The arrival of Show Boat on Broadway was a watershed moment in the history of American musicals. Compared to the trivial and unrealistic operettas, light musical comedies, and "Follies"-type musical revues that defined Broadway in the 1890s and early 20th century, Show Boat "was a radical departure in musical storytelling, marrying spectacle with seriousness"

Ferber was at first shocked that anyone would want to turn Show Boat into a musical, but after being convinced by Kern that he did not want to adapt the novel into the typical frivolous "girlie" show of the 1920s, she granted him and his collaborator Oscar Hammerstein II the rights to set her novel to music. After composing most of the first act songs, Kern and Hammerstein auditioned their material for producer Florenz Ziegfeld, thinking that only he could create the elaborate production necessary for Ferber's sprawling work.

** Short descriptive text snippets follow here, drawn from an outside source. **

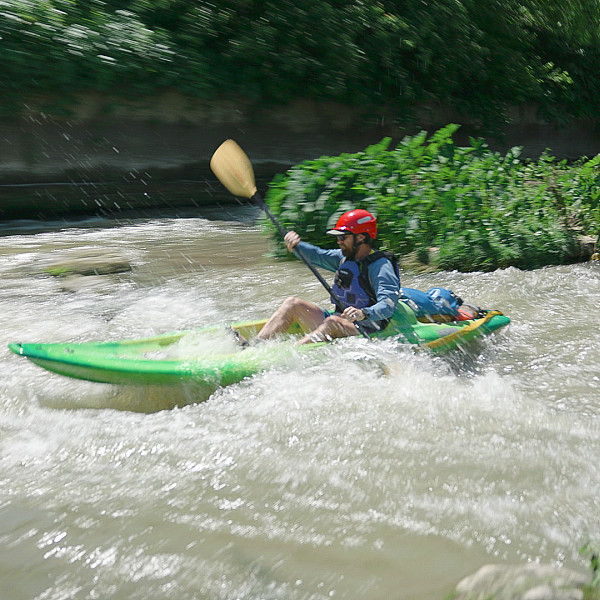 Outdoor Adventure Kayaking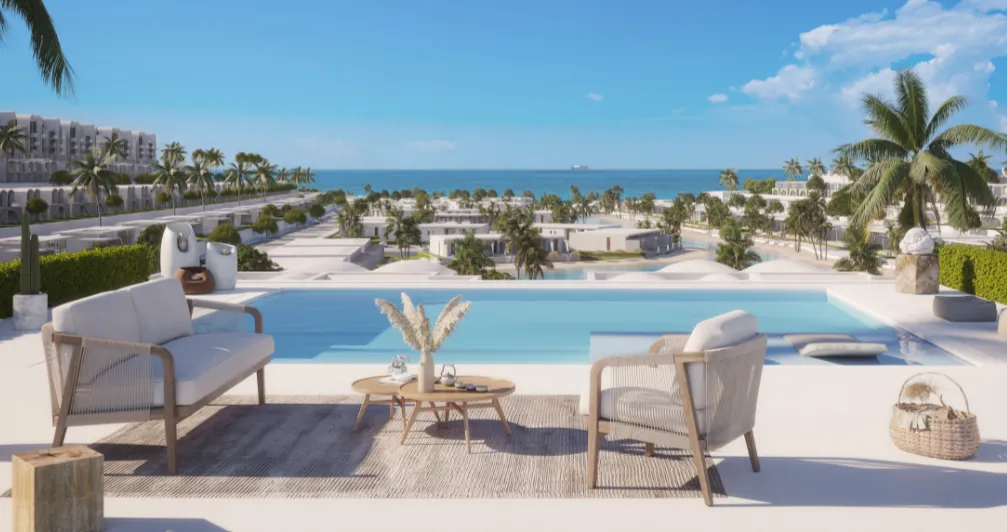 Chalet for sale in Salt in Ras El Hekma of 95 m² with 2 bedrooms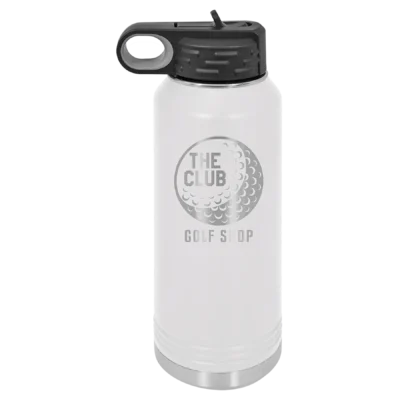 32 oz. Polar Camel Water Bottle - White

Ziegfeld was impressed with the show and agreed to produce it, writing the next day, "This is the best musical comedy I have ever been fortunate to get a hold of; I am thrilled to produce it, this show is the opportunity of my life..." Show Boat, with its serious and dramatic nature, was considered an unusual choice for Ziegfeld, previously known mainly for revues such as the Ziegfeld Follies.
- Rodgers and Hammerstein,1943, had over 2000 performances
- The characters broke the norm in terms of how sexual the musical was at this time, lots of sexuality and the presence of violence
- Music: quasi love songs ---> "people will say we're in love," "all or nothing," and "sorry we're a fringe at the top."

- the first musical written by the team of composer Richard Rodgers and librettist Oscar Hammerstein II. The musical is based on Lynn Riggs' 1931 play, Green Grow the Lilacs. Set in Oklahoma Territory outside the town of Claremore in 1906, it tells the story of cowboy Curly McLain and his romance with farm girl Laurey Williams. A secondary romance concerns cowboy Will Parker and his flirtatious fiancée, Ado Annie.

The original Broadway production opened on March 31, 1943. It was a box-office smash and ran for an unprecedented 2,212 performances, later enjoying award-winning revivals, national tours, foreign productions and an Academy Award-winning 1955 film adaptation. It has long been a popular choice for school and community productions.

This musical, building on the innovations of the earlier Show Boat, epitomized the development of the "book musical", a musical play where the songs and dances are fully integrated into a well-made story with serious dramatic goals that are able to evoke genuine emotions other than laughter. In addition, Oklahoma! features musical themes, or motifs, that recur throughout the work to connect the music and story. A fifteen-minute "dream ballet" reflects Laurey's struggle with her feelings about two men, Curley and Jud. A special Pulitzer Prize was awarded to Richard Rodgers and Oscar Hammerstein II for Oklahoma! in the category of "Special Awards And Citations - Music" in 1944.